Task material:
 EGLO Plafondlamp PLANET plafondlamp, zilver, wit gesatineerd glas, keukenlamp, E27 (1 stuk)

...

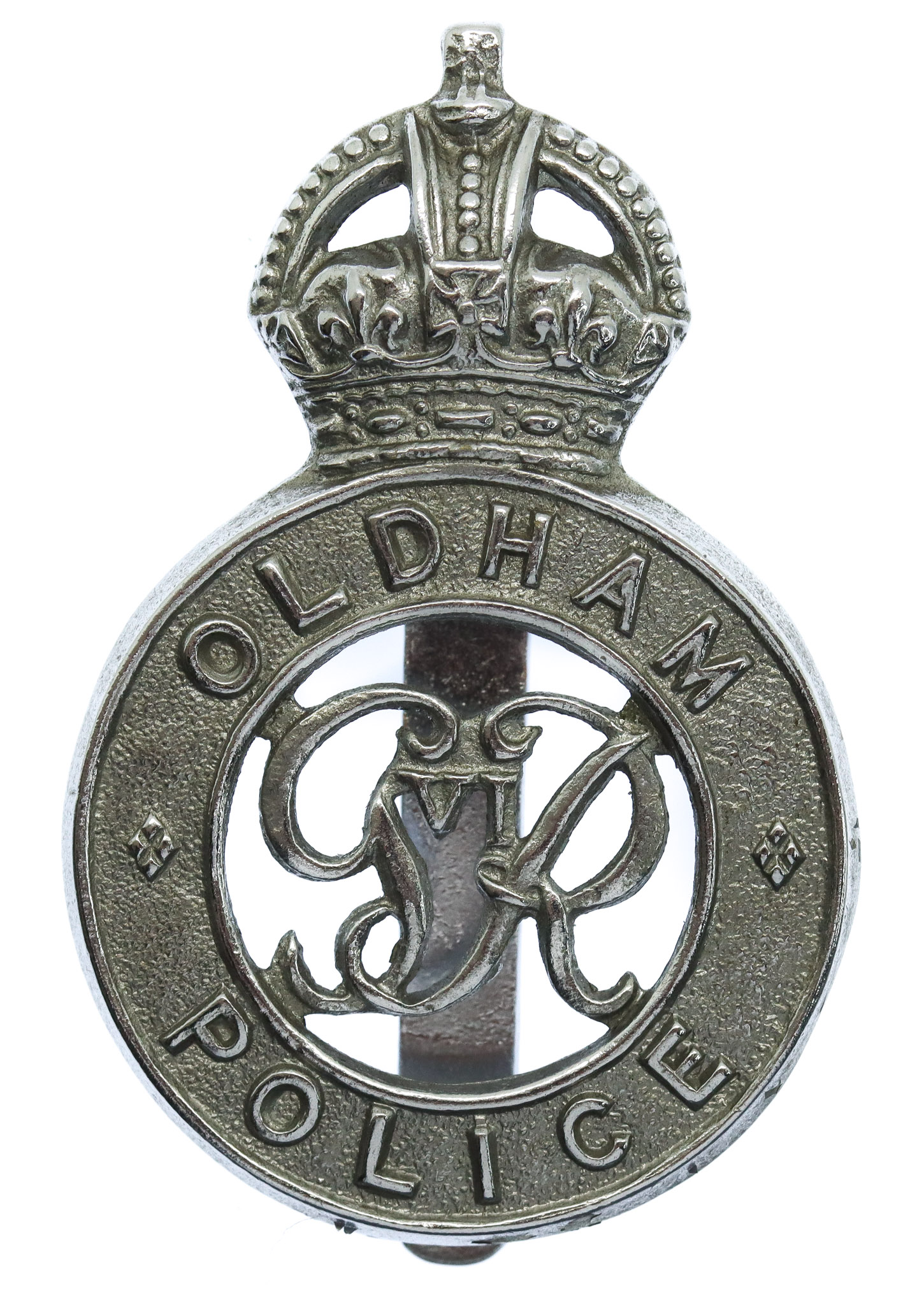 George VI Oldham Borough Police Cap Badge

==

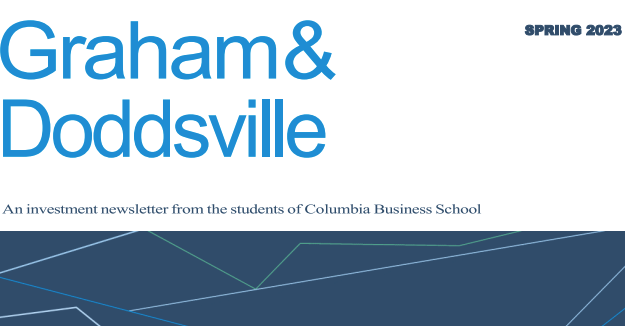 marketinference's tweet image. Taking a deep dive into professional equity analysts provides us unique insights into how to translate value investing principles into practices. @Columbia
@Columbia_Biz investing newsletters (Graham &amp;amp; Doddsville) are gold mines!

How to complete this task: What's needed is an exact copy of the records above from the line containing "marketinference's tweet image." down to the line containing "are gold mines!", both included, without any pictures.

Solution for this exercise:
 marketinference's tweet image. Taking a deep dive into professional equity analysts provides us unique insights into how to translate value investing principles into practices. @Columbia
@Columbia_Biz investing newsletters (Graham &amp;amp; Doddsville) are gold mines!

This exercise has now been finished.